Can you collect personal data from websites and feed AI with it? Can you train AI models on data from “regular people” at all? These are the questions we have been asking ourselves intensively since 2023.

Paula Skrzypecka

Let’s start with the fact that GDPR – the flagship EU product in the field of personal data protection, which comprehensively regulates this matter and to which other regulations refer – is not the only regulation we should pay attention to in the context of personal data processing security when using AI.

Our regulatory landscape also includes several other legal acts, including: AI Act (containing regulations on transparency, informing about interactions with AI and data quality control), Digital Services Act (known for content moderation requirements) and Data Act (establishing rules for accessing data generated by IoT devices).
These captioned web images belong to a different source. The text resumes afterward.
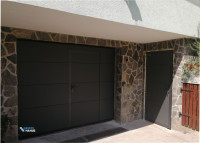 Enokrilna garažna vrata HANUS dimenzij 830 x 2040 DB703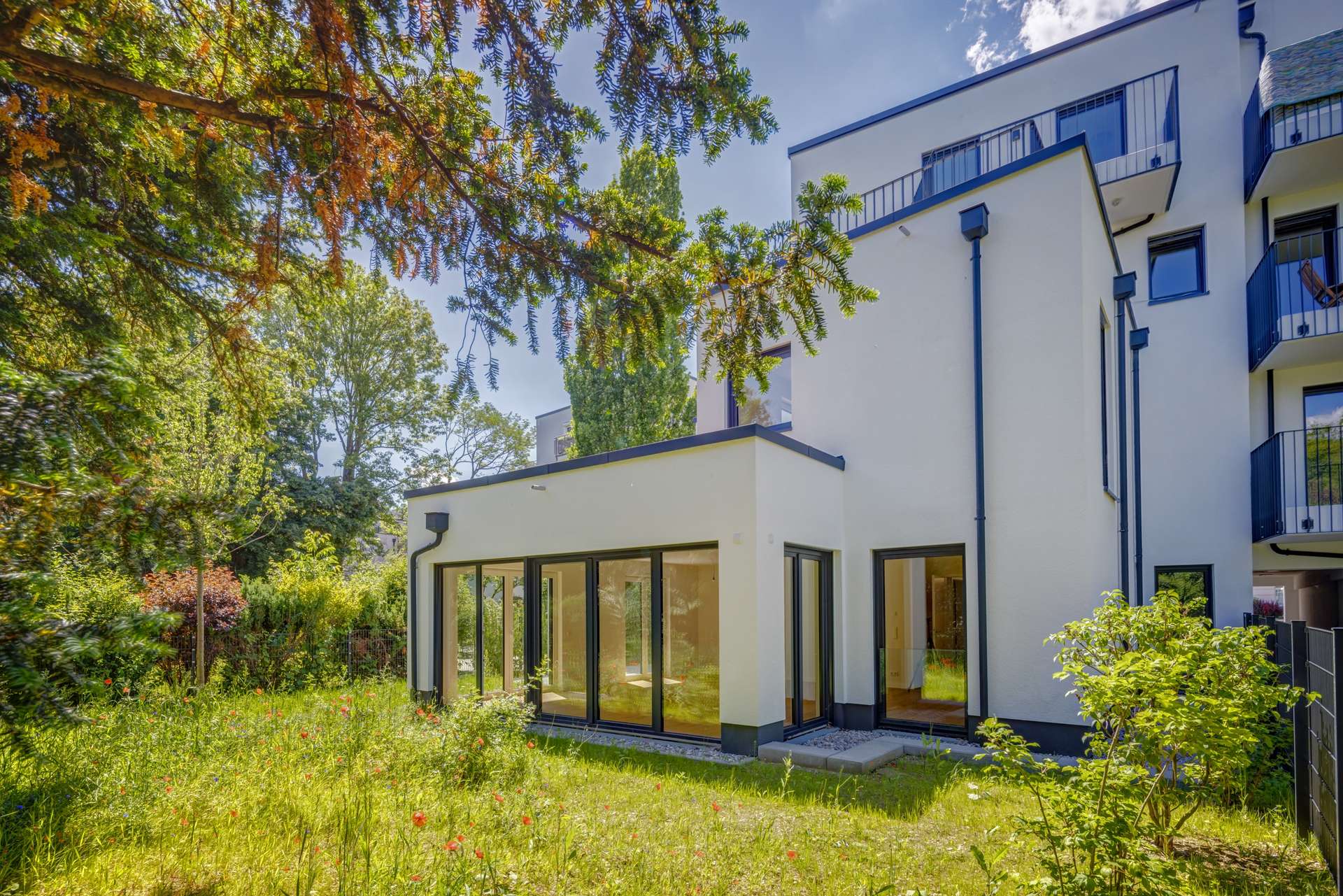 Bezugsfertige Familienwohnung mit großem Garten - Bild 1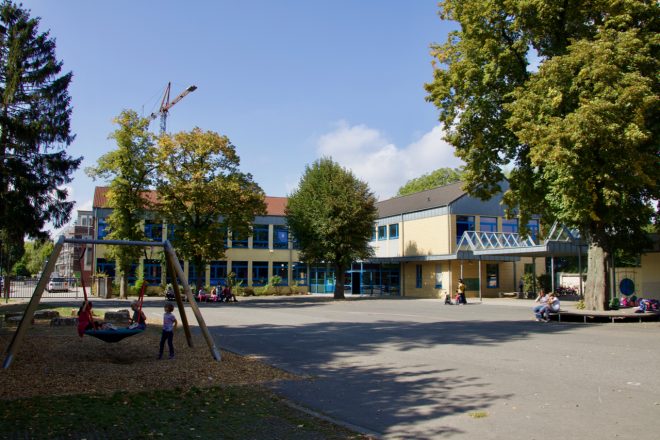 Neubau mit Schulhof - 1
So it turns out we have quite a few requirements regarding gathering data from the market, public authorities or big tech companies.

And that’s not all. Under Polish law, we have the Labor Code, which establishes what employers can do regarding the personal data of employees and job candidates. If you’re thinking about using AI tools to assess CVs – that’s where you should start looking for information on what’s allowed what’s not allowed (and not worth it).
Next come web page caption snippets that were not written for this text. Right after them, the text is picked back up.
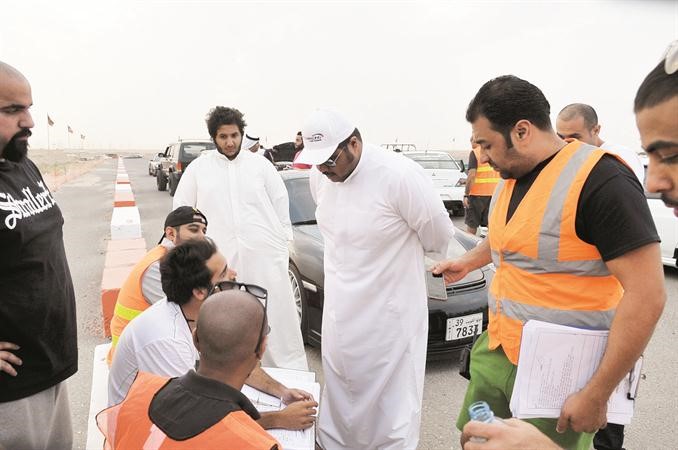 الشيخ محمد الخالد في حوار مع اللجنة المنظمة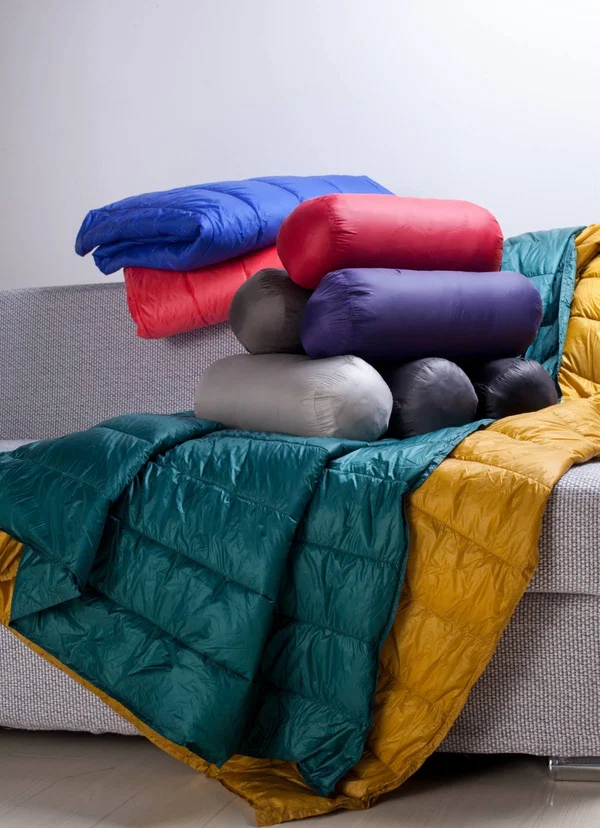 Puff Ultra Light Indoor - Outdoor Throw with Compact Travel Bag Gold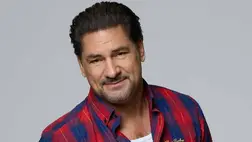 Árpa Attila végre nem rosszfiút játszik: ilyen lett a Pokoli rokonok című új sorozat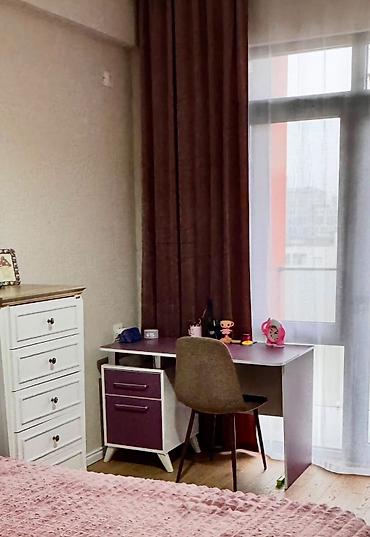 mimi: 3-lü dəst 440 azn satılır Madeyranın Melodiya modeli üç qapılı dolab — 3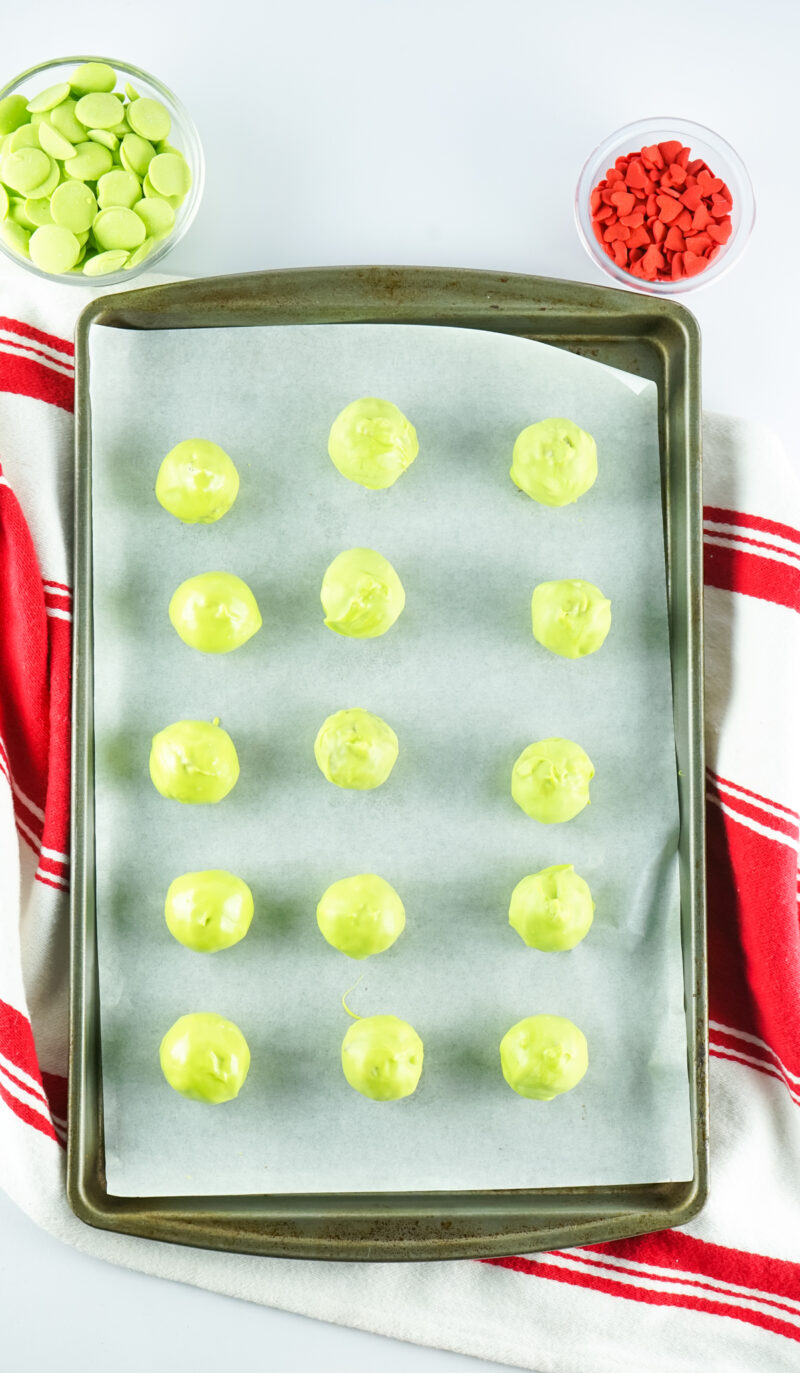Grinch Christmas Balls - Play Party Plan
As you can see, the landscape of regulations concerning personal data that artificial intelligence can be fed is very complex. To ensure compliance with regulations, it’s important to identify key challenges in terms of personal data protection.

The role of entities in the processing chain

This process is essential, as it defines our scope of responsibility. If you’re a processor, don’t make decisions that could lead you to be regarded as a controller.

GDPR defines three basic roles:

Controller
Joint controller
Processor

Let’s take a closer look at them. In the genAI context, a controller is someone who, either independently or jointly with others, sets the goals and methods for processing personal data (Article 4(7) of the GDPR). In practice, it could be an organization that implements or develops an AI model for its own purposes.
What matters is who really decides on how and why data is used. When it comes to AI, the choice of model structure, training data, and how to use the generated content is crucial.

When the division of competences becomes unclear, the joint control comes into play (regulated by Article 26 of the GDPR). Joint controllers must clearly define areas of responsibility (and importantly, share information on this with individuals whose data they process), which in turn requires detailed agreements on issues such as:

Transparency rules for individuals whose data is concerned
Assignment of responsibilities in the exercise of data subjects’ rights
Responsibility for data security
Incident management procedures

In which cases can we encounter this formula? For example, when a technology company and a scientific institute collaborate on a research project. The tech company provides infrastructure and some training data, while the institute is responsible for validating the model and specialized industry data. Both entities jointly define the model’s parameters and the personal data processing goals.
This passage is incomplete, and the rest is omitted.